Clemens, a fourth generation member of the family, is telling the story from a construction trailer in Coldwater, Mich., on the site of a 450-acre, $255-million facility that will process some 10,000 pigs in a single shift when it opens in mid-2017.
“We were passively looking at expanding,” says Clemens, recalling those first discussions. “At the same time, we had relationships with some of the producers from about 25 years ago, so they were familiar to us and they knew us as well, which is why we were initially approached.”
Some 800 people will earn wages starting at about $14 an hour for production jobs, with higher paying $20-$30 per hour wages for technical and trades positions, but that number would double should Clemens decide to spend another $30 to $40 million on putting in a second shift.
How it came about
This is certainly a complex story, and not just because of the plant itself, the first greenfield project the company has undertaken since it was founded in 1895 by John C. Clemens, a Mennonite farmer whose Pleasant Valley Packing Co. was based in Mainland, Pa.
When that plant burned down in 1946, the family, unable to secure steel to rebuild since war rations were still in effect, negotiated with the owners of Hatfield Quality Meats in nearby Hatfield, Pa., where Clemens Food Group remains today, employing 2,200 in an operation that includes raising and slaughtering hogs, as well marketing under several brands.
Doug Clemens, who spends about half his time hopping back and forth from Pennsylvania to Coldwater (the company just bought its own plane to shorten what would otherwise be a 10-hour one-way trip by car or commercial carrier), continues the back story of how the plant came to be.

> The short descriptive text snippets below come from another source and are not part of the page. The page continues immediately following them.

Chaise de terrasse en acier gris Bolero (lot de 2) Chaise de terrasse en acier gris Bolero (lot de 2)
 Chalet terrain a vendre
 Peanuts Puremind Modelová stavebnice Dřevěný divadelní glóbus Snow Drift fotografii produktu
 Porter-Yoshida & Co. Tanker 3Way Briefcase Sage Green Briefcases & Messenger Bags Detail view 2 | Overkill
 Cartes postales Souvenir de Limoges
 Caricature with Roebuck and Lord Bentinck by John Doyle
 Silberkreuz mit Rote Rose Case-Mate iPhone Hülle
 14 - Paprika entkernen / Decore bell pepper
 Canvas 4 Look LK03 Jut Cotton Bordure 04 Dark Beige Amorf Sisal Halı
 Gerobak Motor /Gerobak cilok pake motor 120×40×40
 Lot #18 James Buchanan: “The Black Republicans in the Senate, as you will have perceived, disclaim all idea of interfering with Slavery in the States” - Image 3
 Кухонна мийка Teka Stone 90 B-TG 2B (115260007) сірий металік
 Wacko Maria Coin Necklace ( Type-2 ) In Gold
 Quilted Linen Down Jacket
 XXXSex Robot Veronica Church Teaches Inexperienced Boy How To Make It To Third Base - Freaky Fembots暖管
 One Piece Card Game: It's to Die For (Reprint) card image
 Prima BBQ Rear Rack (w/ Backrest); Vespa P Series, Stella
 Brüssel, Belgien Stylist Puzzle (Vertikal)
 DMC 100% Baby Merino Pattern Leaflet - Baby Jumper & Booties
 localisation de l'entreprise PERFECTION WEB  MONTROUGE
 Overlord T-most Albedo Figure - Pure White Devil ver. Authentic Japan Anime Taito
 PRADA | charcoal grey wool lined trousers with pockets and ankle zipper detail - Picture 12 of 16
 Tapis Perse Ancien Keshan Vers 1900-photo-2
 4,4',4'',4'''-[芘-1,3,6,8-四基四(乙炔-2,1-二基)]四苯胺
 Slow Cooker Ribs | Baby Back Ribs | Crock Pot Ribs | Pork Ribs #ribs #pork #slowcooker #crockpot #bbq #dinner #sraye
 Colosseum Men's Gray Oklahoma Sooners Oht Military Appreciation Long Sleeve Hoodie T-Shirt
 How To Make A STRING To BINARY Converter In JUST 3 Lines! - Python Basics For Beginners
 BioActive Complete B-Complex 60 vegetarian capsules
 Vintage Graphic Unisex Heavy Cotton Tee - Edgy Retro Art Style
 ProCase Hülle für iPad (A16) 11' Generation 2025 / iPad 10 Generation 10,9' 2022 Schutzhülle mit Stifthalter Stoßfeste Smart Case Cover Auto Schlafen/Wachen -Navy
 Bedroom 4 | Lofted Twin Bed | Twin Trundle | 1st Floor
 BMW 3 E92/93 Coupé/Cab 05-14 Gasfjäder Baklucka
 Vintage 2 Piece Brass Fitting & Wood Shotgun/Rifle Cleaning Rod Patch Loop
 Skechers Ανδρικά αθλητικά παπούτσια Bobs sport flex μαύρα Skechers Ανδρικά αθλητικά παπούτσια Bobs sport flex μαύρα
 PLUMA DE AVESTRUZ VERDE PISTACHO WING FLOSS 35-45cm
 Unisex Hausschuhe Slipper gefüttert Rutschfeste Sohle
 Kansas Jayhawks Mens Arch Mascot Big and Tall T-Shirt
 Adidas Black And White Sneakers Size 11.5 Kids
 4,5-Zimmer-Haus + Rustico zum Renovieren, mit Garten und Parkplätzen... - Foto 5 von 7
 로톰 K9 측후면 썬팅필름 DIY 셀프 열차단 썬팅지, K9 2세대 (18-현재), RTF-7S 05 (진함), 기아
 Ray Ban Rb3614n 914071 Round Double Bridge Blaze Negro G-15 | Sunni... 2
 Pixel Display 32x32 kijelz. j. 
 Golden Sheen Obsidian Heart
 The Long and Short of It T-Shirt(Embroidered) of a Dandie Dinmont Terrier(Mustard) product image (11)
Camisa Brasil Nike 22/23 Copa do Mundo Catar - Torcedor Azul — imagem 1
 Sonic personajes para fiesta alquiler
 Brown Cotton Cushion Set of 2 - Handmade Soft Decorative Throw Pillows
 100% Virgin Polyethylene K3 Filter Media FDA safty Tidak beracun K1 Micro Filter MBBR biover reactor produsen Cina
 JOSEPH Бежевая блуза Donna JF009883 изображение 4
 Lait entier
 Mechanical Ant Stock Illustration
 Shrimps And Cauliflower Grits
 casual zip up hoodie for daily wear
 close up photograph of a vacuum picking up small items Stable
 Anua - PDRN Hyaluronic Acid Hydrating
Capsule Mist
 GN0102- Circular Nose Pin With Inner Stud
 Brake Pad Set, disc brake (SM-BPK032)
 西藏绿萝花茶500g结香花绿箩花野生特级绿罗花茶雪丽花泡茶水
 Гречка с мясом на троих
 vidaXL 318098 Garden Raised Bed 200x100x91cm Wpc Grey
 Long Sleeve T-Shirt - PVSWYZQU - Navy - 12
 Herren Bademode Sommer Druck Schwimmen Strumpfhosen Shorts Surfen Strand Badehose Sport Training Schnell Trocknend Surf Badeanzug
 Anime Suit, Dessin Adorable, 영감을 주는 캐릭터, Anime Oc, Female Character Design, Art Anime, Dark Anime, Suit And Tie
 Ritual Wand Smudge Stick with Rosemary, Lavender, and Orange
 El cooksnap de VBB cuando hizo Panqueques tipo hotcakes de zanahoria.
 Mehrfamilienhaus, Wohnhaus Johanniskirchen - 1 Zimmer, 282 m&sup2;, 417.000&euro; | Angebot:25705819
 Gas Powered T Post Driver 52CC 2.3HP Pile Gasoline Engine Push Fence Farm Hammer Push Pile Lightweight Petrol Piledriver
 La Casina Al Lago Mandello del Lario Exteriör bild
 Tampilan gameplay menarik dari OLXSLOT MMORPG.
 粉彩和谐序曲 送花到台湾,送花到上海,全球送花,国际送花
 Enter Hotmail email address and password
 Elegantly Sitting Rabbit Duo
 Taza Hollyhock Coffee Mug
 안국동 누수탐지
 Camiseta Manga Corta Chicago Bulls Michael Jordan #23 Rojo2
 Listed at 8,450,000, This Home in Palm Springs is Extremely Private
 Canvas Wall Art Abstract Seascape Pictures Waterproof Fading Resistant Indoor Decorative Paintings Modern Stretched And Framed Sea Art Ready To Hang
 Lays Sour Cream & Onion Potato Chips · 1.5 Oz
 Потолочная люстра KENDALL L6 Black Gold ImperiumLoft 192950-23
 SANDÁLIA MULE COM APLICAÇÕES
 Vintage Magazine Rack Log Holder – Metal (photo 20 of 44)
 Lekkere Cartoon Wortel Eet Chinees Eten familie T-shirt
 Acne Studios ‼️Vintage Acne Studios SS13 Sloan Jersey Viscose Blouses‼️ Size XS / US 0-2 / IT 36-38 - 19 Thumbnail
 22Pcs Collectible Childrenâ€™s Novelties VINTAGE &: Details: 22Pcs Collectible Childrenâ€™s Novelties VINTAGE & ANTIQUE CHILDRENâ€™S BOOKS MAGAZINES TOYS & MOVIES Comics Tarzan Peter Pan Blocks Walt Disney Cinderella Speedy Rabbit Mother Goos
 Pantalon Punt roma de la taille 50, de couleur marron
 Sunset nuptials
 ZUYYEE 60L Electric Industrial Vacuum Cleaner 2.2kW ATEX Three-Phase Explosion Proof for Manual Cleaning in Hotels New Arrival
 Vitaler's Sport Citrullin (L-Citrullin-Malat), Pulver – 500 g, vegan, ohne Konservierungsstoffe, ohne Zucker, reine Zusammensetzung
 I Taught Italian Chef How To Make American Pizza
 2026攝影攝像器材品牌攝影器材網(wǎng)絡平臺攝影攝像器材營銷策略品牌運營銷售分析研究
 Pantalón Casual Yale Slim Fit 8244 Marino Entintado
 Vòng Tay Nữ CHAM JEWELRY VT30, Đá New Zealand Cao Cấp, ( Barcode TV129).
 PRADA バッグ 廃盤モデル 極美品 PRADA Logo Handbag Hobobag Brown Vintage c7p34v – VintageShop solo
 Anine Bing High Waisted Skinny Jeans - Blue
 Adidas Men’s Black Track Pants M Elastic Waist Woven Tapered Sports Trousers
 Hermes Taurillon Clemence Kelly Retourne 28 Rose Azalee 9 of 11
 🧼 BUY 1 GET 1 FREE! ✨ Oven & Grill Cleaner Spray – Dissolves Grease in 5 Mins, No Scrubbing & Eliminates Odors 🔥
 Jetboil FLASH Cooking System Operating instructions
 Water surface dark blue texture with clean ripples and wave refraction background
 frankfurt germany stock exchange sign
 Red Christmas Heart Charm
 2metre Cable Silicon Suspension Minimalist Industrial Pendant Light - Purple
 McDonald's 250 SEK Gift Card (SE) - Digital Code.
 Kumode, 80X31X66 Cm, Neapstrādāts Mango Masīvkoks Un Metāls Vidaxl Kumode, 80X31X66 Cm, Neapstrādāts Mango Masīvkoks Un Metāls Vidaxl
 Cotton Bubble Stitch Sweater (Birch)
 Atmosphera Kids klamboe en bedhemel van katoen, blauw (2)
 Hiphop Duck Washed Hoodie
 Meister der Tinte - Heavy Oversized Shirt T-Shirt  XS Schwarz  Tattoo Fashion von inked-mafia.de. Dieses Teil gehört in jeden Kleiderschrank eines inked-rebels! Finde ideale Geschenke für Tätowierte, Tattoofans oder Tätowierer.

Discussions with farmers eventually morphed into an arrangement involving an equity investment in the company, the first time anyone other than a family member has become an owner.
“It’s way more than a supplier relationship,” says Doug Clemens. “There’s a co-dependency with us and we both recognize that we are interested in sustaining the business in a way that cascades from generation to generation. We’ve been very deliberate in maintaining and building those relationships.”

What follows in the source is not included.